Information supplied Block Start

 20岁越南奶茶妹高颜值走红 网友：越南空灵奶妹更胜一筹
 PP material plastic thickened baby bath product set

Information supplied Block End
Information supplied Block Start

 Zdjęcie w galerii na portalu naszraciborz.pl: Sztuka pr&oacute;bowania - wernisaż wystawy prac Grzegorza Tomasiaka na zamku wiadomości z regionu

Information supplied Block End

Among the lines above, find the one with "20岁越南奶茶妹高颜值走红 网友：越南空灵奶妹更胜一筹" and the one with "PP material plastic". Quote both and everything between them, exactly.

 20岁越南奶茶妹高颜值走红 网友：越南空灵奶妹更胜一筹
 PP material plastic thickened baby bath product set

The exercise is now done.